The project is organized into the following modules:
- core: The core module containing the main poi-scala library
- cats: The Cats functional programming integration module
- scalaz: The Scalaz functional programming integration module
- async: The module for asynchronous operations
- fatjar: Assembly module for creating fat JARs with all dependencies
- benchmarks: The module for performance benchmarks
# Show all available targets
make help
# Set up development environment
make dev-setup
# Quick development cycle (clean, compile, test-quick)
make dev
# Compile all sources
make compile
# Run all tests
make test
# Run specific test suites
make test-integration # Integration tests only
make test-laws # Typeclass and monoid law tests
make test-primitives # Core primitive tests (Cell, Row, etc.)
make test-features # Enhanced feature tests
# Run a specific test class
make test-only TEST='*MonoidLaws*'
make test-only TEST='info.folone.poi.IntegrationSpec'
# Continuous compilation (watches for changes)
make watch-compile
# Continuous testing (watches for changes)
make watch-test
# Quick development cycle
make dev # clean + compile + test-quick
# Full development setup
make dev-setup # clean + compile + test
# Pre-release checks
make pre-release # clean + compile + test + scalastyle + docs
# Run scalastyle checks
make scalastyle
# Format code
make format
# Check code formatting
make format-check
# Run benchmarks
make benchmarks/Jmh/run
# Show project information
make info
# Show dependency tree
make deps
# Update dependencies
make update
# Generate documentation
make docs
# Start Scala REPL with project classpath
make console
This project uses sbt-ci-release plugin.

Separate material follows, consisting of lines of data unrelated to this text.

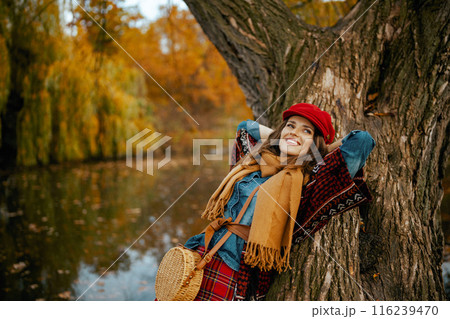 relaxed stylish woman in jeans shirt and red hat with scarf 116239470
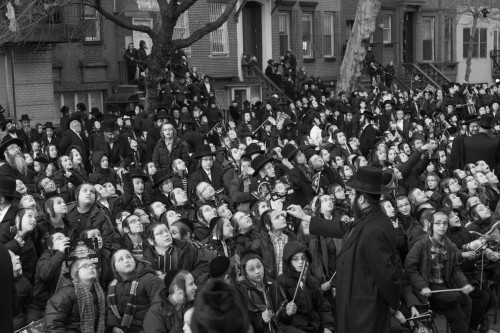 Satmar boys looking up at a helicopter, while in the street for celebrations related to a prominent Rabbi visiting from Israel. Photo Credit: Mark Hanover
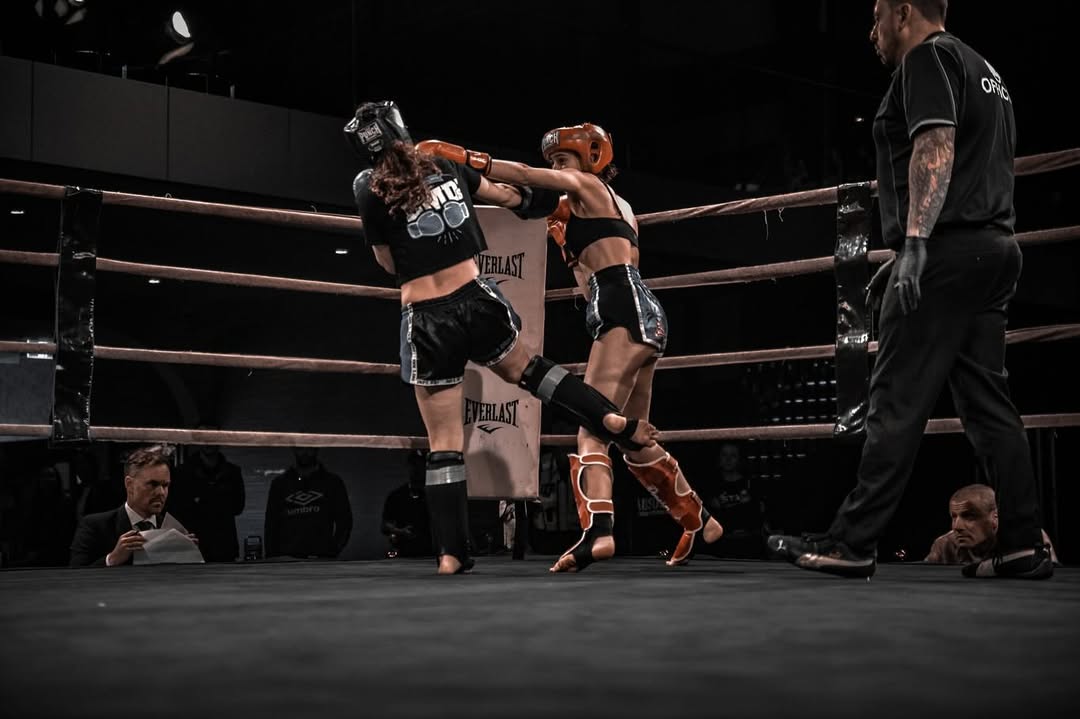 Ana Arvan landing a cross in the ring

Snapshots are being published on every push to master
.
To publish a new stable release, just create a new tag like so: git tag -a v$next_version -m "v$next_version" && git push origin v$next_version
. Note that the tag name has to start with a v
, followed by a version number (for example v0.25
). You can verify a correctly pushed release by looking at the GitHub actions logs. If it says Tag push detected, publishing a stable release
, you've correctly pushed a new release (example).